U.S. News studied every U.S. hospital that treated or operated on fewer than 25 traditional Medicare inpatients for several common conditions and procedures. The publication found that knee-replacement patients at these hospitals had twice the mortality risk and a 25% increased risk for readmission due to postoperative complications.

For example, at Colorado’s Sterling Regional Medical Center, a 25-bed facility that admits more than 1,200 patients annually, the mortality rate was 24 times the national average for knee replacements and three times the national average for hip replacements, according to the analysis.

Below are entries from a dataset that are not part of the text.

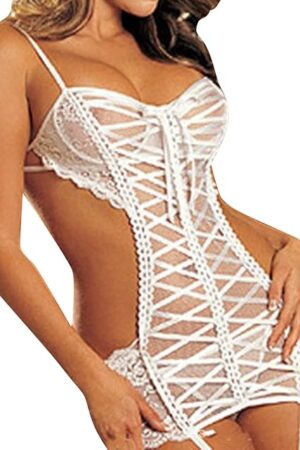 Women's Strappy Sexy Lingerie Set With Garter Belt - Slutty Mesh Romper for Sex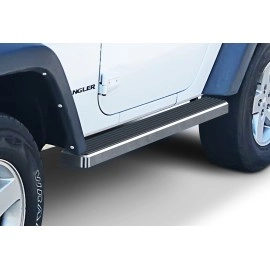 APS IB10DAJ6A - 4" iStep Style Door-to-Door Hairline Aircraft Aluminum Side Steps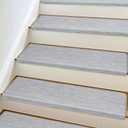 SMILOOL Bullnose Carpet Stair Treads Non Slip for Wooden Steps Indoor, 9.5" x 35" 4 Pieces, Extra Wide Bull Nose Carpet Runners for Wood Stairs, Step Covers, Stair Tread Rugs, Washable, Light Grey
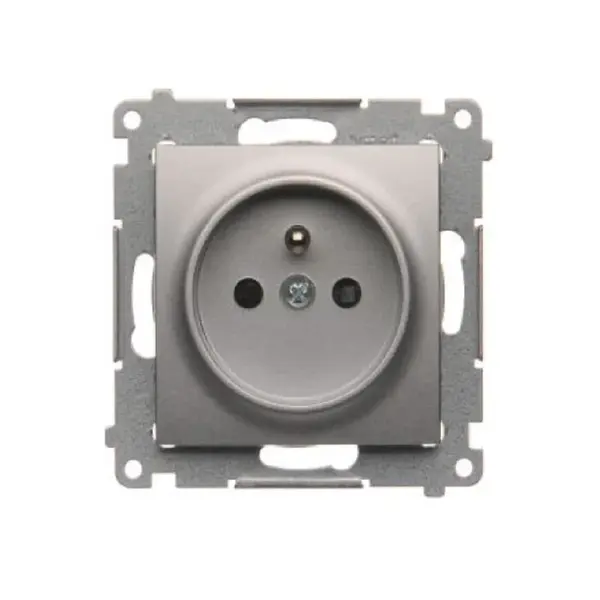 DGZ1Z/43 Zásuvka jednoduchá s uzmenením strieborná mat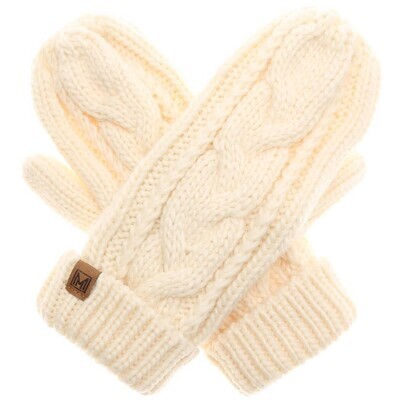 Cable Knit Winter Mittens Ivory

John Birkmeyer, MD, executive vice president for enterprise services and the chief academic officer at Dartmouth–Hitchcock Medical Center in Lebanon, New Hampshire, used the publication’s data and projected that up to 11,000 deaths in 2009–2012 could have been avoided if patients at the lowest-volume 20% of hospitals had gone to the highest-volume 20% instead. Birkmeyer noted that his calculations applied only to five of the most common conditions and procedures, and that expanding it to the full range of common conditions and procedures would show tens of thousands of preventable deaths.

U.S. News conducted the analysis as part of a new set of rankings of hospitals for common procedures. The research found similar outcomes proportional to volume at hospitals larger than Sterling. For example, 331-bed Lawnwood Regional Medical Center & Heart Institute in Ft. Pierce, Florida, had a relative mortality risk after a hip replacement that was nine times the national average, and New Jersey’s 316-bed Jersey City Medical Center had a mortality risk that was four times the national average for heart bypass surgery.

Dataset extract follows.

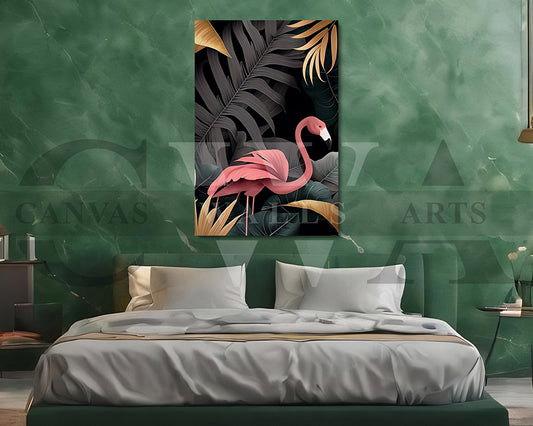 Flamingo Black and Gold Tropical Canvas Wall Art Bird Poster Prints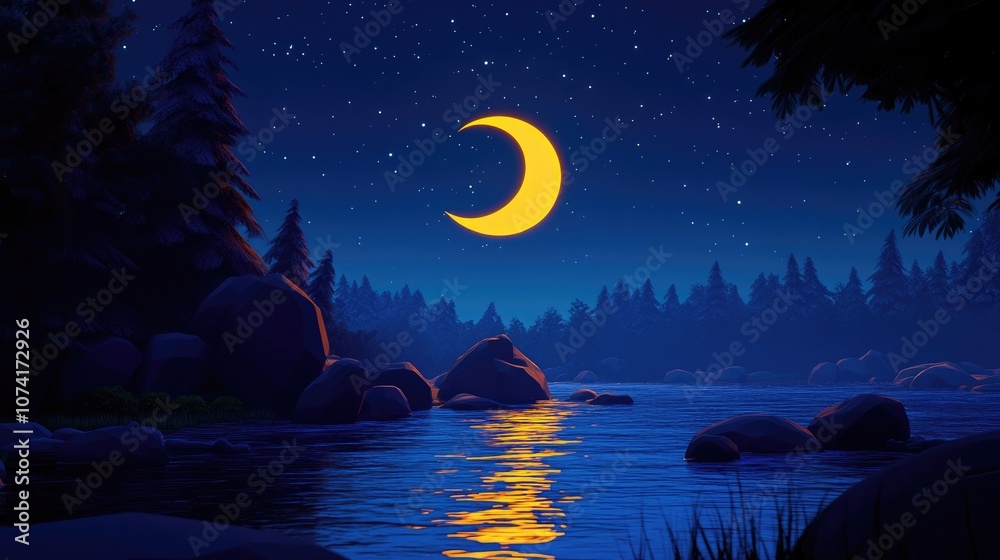 Poster crescent moon amid the stillness of the night in a 3d cartoon rendering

Dr. Peter Pronovost, director of the Armstrong Institute for Patient Safety and Quality at Johns Hopkins Medicine, recalled a case involving a woman who had had a diseased portion of her esophagus inexpertly removed at a hospital that does only one or two esophagectomies a year. She was transferred to Johns Hopkins, but it was too late to save her. Studies have shown that mortality for the procedure is significantly lower for patients treated in hospitals that perform as few as a dozen a year. Less than 2 miles away, Pronovost said, were two hospitals that each averaged about 40 esophagectomies a year.

“She was butchered,” he told U.S News. “There’s no other word for it. Yet when I asked whether the patient was told that she was at higher risk [because of the hospital’s low volume], the answer was ‘No.’”

The lack of accountability angered Pronovost. “Who’s responsible for this?” he said. “Is it the physician? The hospital? State regulators? The Joint Commission? Where's the accountability for informing people?”

A 2013 study recommended closing or consolidating low-volume providers as a method of improving outcomes and care quality, FierceHealthcare previously reported. Moreover, research indicates that emergency department patients at high-volume EDs have a lower risk of death.